The initial learning rate is set at 0.00002. It is lower that the default value but I get the chance to see if something like overfitting showing during the training via monitoring the loss curve.

* initial_learning_rate: 0.00002
* from_detection_checkpoint: true

Precision Regression Loss

  • The dipping in the middle of the training is due to wrong dataset imported after break/resume

Screenshots

Here I took three youtube driving videos of three different cities (Chicago, NYC and SF), made annotated version of them and took some screenshots showing below. If interested, the links to the annotated videos is also attached for references.

Please note the images and the annoted video are darker than the original files. This is a trick to compensate the exposure since most of the videos have weighted-average exposure and the traffic lights could be over-exposure.

During the visualization, the min_score_thresh is set at 0.85 to reduce the noises and false detections.

  • NYC NYC STOP NYC GO
    • Original video link: https://www.youtube.com/watch?v=kBleVYw_MDs
  • Chicago CHI STOP CHI GO
    • Original video link: https://www.youtube.com/watch?v=kOMWAnxK
  • SF SF STOP SF GO
    • Original video link: https://www.youtube.com/watch?v=DA7uu_wrnQ4
    • Click on the last image for the actual video of NYC.

Results

Despite the result in the screenshots above look promising, the real time detection accuracy is not great. This reflects the lower mAP and Regression results above. With longer training time, I expect to have better result. Plus, as one can found in the video, the car moves in slow-motion due to lower detection speed.

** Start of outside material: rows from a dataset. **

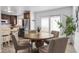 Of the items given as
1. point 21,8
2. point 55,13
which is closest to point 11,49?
point 21,8

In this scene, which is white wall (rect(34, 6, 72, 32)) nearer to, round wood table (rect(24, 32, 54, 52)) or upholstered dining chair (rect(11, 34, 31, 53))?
round wood table (rect(24, 32, 54, 52))

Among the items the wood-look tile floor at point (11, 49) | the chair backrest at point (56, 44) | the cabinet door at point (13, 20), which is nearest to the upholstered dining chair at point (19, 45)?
the wood-look tile floor at point (11, 49)

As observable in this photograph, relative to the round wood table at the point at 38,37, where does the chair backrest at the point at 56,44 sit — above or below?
below

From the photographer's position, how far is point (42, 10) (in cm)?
167

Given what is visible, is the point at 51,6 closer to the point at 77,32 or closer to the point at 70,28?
the point at 70,28

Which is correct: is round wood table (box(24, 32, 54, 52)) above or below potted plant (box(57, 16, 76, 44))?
below

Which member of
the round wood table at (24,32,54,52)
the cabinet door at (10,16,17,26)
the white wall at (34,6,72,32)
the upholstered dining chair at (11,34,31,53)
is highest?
the white wall at (34,6,72,32)

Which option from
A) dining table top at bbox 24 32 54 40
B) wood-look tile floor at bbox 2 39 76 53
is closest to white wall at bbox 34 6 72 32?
dining table top at bbox 24 32 54 40

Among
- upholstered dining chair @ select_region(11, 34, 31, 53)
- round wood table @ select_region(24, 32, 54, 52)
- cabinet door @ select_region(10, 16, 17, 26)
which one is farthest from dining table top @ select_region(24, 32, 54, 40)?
cabinet door @ select_region(10, 16, 17, 26)

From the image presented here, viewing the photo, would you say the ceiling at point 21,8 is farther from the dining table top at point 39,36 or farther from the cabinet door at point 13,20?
the dining table top at point 39,36

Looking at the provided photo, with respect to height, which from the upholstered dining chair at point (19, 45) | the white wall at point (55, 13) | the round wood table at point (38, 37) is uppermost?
the white wall at point (55, 13)

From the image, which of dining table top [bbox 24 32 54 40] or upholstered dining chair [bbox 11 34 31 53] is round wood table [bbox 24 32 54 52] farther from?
upholstered dining chair [bbox 11 34 31 53]

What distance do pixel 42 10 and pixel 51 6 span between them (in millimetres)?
163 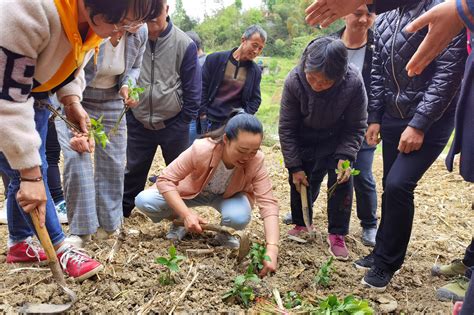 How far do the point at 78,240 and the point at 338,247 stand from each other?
1.69 meters

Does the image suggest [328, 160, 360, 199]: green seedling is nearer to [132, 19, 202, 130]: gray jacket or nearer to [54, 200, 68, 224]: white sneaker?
[132, 19, 202, 130]: gray jacket

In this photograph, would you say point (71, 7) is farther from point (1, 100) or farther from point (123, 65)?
point (123, 65)

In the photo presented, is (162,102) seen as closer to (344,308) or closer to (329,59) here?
(329,59)

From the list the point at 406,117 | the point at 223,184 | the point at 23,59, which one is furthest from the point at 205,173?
the point at 23,59

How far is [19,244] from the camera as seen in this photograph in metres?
2.39

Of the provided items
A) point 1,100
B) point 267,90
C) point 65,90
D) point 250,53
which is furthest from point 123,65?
point 267,90

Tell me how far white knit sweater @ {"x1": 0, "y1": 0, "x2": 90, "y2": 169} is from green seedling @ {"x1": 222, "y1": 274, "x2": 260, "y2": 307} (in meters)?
1.02

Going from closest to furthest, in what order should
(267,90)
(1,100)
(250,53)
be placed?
(1,100) → (250,53) → (267,90)

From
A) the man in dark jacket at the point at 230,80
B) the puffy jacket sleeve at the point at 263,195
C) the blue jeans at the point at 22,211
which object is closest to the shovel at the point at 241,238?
the puffy jacket sleeve at the point at 263,195

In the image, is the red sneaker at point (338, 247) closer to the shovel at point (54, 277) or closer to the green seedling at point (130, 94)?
the green seedling at point (130, 94)

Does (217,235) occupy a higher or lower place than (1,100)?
lower

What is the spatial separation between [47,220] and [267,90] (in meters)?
16.5

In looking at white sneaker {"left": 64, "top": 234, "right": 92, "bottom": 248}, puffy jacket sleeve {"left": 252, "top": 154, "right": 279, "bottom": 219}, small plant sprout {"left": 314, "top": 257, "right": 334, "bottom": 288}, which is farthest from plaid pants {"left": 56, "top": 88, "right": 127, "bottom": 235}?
small plant sprout {"left": 314, "top": 257, "right": 334, "bottom": 288}

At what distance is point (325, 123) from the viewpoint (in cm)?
297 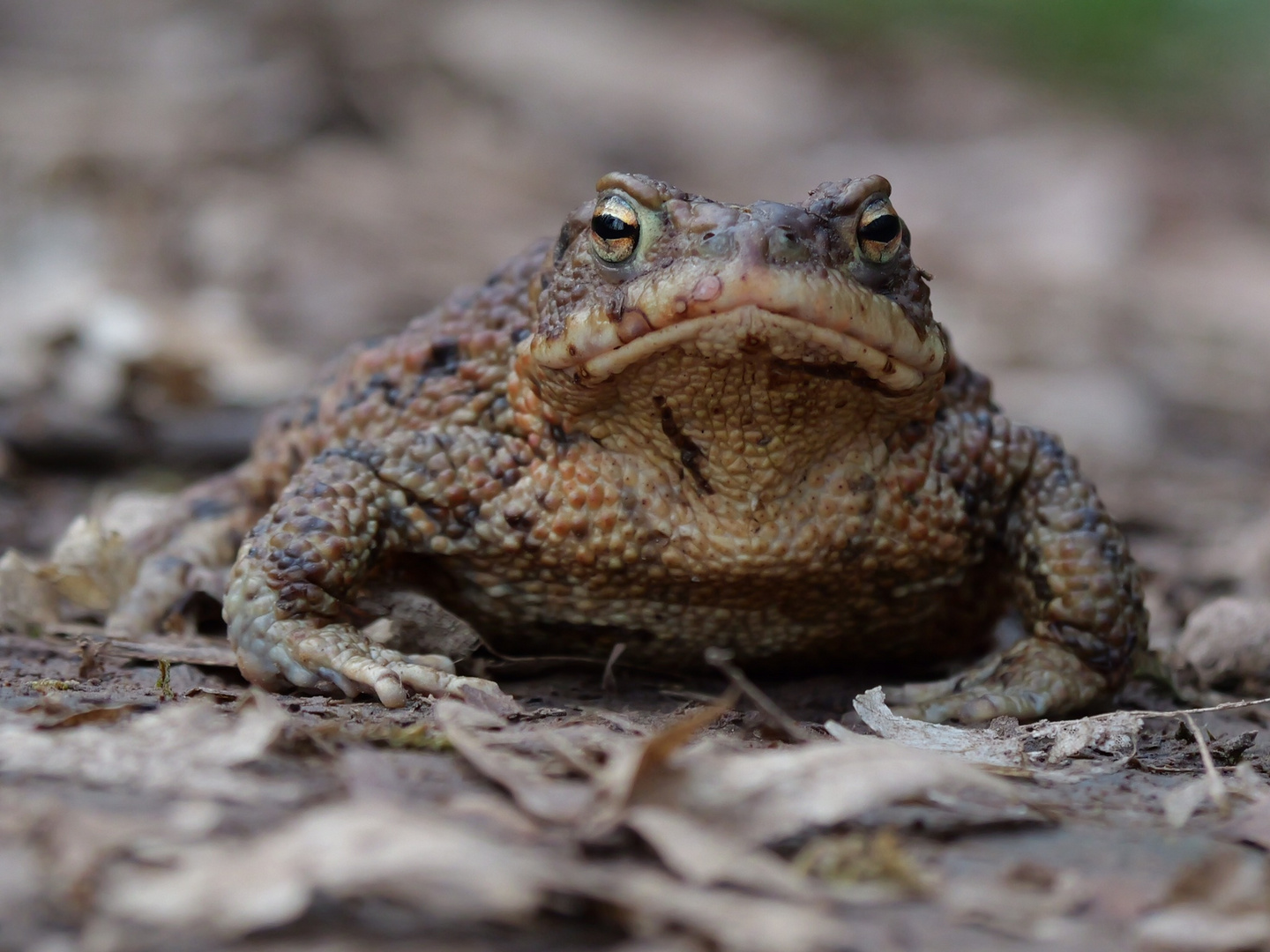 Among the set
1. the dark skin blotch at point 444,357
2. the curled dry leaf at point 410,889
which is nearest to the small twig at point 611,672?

My next step to this model is to apply it to a my cozmo robot and see how it goes!

Citation

Morten Bornø Jensen, Mark Philip Philipsen, Andreas Møgelmose, Thomas B Moeslund, and Mohan M Trivedi. “Vision for Looking at Traffic Lights: Issues, Survey, and Perspectives”. In: IEEE Transactions on Intelligent Transportation Systems (2015).

Mark Philip Philipsen, Morten Bornø Jensen, Andreas Møgelmose, Thomas B Moeslund, and Mohan M Trivedi. “Learning Based Traffic Light Detection: Evaluation on Challenging Dataset”. In: 18th IEEE Intelligent Transportation Systems Conference (2015).